Slow Burning Rage is a one-man crew consisting of multi-instrumentalist Ryan Parrish, who you may know as the former drummer of melodeath heavyweights Darkest Hour, as well as other varying acts like Iron Reagan, Mammoth Grinder, City of Caterpillar, and Bleach Everything (to name a few). What can you expect from Slow Burning Rage, then? Well, for as varied and crazy as his resume is, it’s nothing like any of his acts. Slow Burning Rage’s self-titled debut, deemed “jazz sludge” by the promo gods, has the workings of an instrumental Thecodontion-meets-Miles Davis-meets-Tim Hecker melting pot that isn’t mixed all the way. Also channeling the likes of online project Nahvalr in its revolving door of contributors,2 wild directions, and blatant inconsistencies, Slow Burning Rage is nevertheless a tantalizing listen.

Slow Burning Rage, as perhaps its name suggests, is a slow burn. It doesn’t bludgeon your skull with riffs, nor does it impress with its jazzy technicality. It’s a lumbering beast, and one in which atmosphere is front and center. The most energy that punches through this is the sax and mathy drum freakout the graces opener “Agonal Gasp,” but from there, Parrish keeps things slow and moody. Parrish shows his drummer’s colors in an emphasis on rhythm, that aside from the ambient tracks, each track is firmly grounded by bass and percussion, such as the mathy “Agonal Gasp,” brimming “El Tio (Curse of the Caves),” smooth “The Slow Burn of Madmartigan,” and the pulsing sludge/doom “Scaphism (Two Boats).” Through these and more ambient takes like “A.L.A.S.” and “Transience,” post-punk-ish apathy pours from every movement, recalling acts like Have a Nice Life or Wreck and Reference. Each track offers its own insanity, anchored by a firm grasp on movements and songwriting.
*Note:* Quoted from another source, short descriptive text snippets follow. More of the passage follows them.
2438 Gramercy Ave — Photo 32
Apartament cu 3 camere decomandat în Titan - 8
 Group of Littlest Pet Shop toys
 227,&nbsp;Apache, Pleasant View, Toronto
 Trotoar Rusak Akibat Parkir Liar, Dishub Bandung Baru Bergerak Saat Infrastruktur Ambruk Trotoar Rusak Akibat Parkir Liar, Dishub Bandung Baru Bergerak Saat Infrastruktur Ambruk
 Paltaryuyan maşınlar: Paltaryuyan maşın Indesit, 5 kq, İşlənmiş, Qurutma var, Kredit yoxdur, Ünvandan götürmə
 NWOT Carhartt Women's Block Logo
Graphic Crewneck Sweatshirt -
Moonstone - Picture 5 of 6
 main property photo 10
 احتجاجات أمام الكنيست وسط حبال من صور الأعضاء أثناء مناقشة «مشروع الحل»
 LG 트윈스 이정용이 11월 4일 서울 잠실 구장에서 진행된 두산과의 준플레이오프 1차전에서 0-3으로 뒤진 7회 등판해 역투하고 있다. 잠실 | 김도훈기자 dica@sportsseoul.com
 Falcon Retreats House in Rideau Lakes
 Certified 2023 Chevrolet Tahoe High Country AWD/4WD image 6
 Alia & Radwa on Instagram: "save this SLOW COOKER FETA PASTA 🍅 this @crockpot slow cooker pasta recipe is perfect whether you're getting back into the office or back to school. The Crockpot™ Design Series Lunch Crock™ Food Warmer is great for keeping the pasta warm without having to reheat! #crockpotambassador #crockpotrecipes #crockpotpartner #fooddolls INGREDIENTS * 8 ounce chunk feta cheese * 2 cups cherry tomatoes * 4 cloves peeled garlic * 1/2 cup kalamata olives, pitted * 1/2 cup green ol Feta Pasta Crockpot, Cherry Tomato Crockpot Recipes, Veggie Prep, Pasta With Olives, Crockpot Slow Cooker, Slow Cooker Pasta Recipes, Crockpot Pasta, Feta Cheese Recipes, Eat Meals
That being said, the last three tracks see Slow Burning Rage flying off the rails. “Transience,” “Dark Thunder…,” and “…Crystal Nebula” are entirely electronic ambient affairs with minimalistic percussion gracing the background, little differentiating them – why, then, are they three separate tracks? As a whole, just as Have a Nice Life members’ Nahvalr ”open-sourced” black metal project, there is little connecting Slow Burning Rage’s vast platter of shenanigans. While the promo states that Parrish’s expertise in world-building is noteworthy, the album is just so all over the place that it’s difficult to tell exactly what world is being built here. In terms of jazz, Zaäar-esque sax freakouts only appear in “Agonal Gasp,” while sludge riffs only appear in “Scaphism (Two Boats),” while the brooding bass-driven graces “The Slow Burn of Madmartigan” and “El Tio (Curse of the Caves)” and the album is bogged down with Tim Hecker-esque ambient tracks that serve little purpose. Simply put, Slow Burning Rage’s variety is a blessing and a curse.

I suppose Slow Burning Rage accomplishes exactly what it hopes to do with its debut. Ryan Parrish offers us a range of his abilities and collaborators’ respective input, and while that inconsistency shows, it’s an appetizer. This adds greater emphasis to whatever Parrish and company have in store next, because as “…Crystal Nebula” closes out I find myself hungry for more and disappointed with a few samples. While mostly instrumental, I didn’t find myself wanting for them, nor did I feel like the thirty-one minute runtime was too long or too short. Ultimately, while featuring some veteran blood and plenty of promise, Slow Burning Rage lacks the cohesion needed to play with the big boys. Is it enjoyable? Absolutely. Weird as fuck? Oh yeah. Worth my procrastination? Not sure.


Rating: 2.5/5.0
DR: 6 | Format Reviewed: 320 kbps mp3
Label: Self-Released
Website: slowburningrage.bandcamp.com
Releases Worldwide: December 17th, 2021

Show 2 footnotes

  1. I mean, not like Eldritch Elitist and Cryptic Shift, but still.
  2. Seriously, check out the credits on this thing.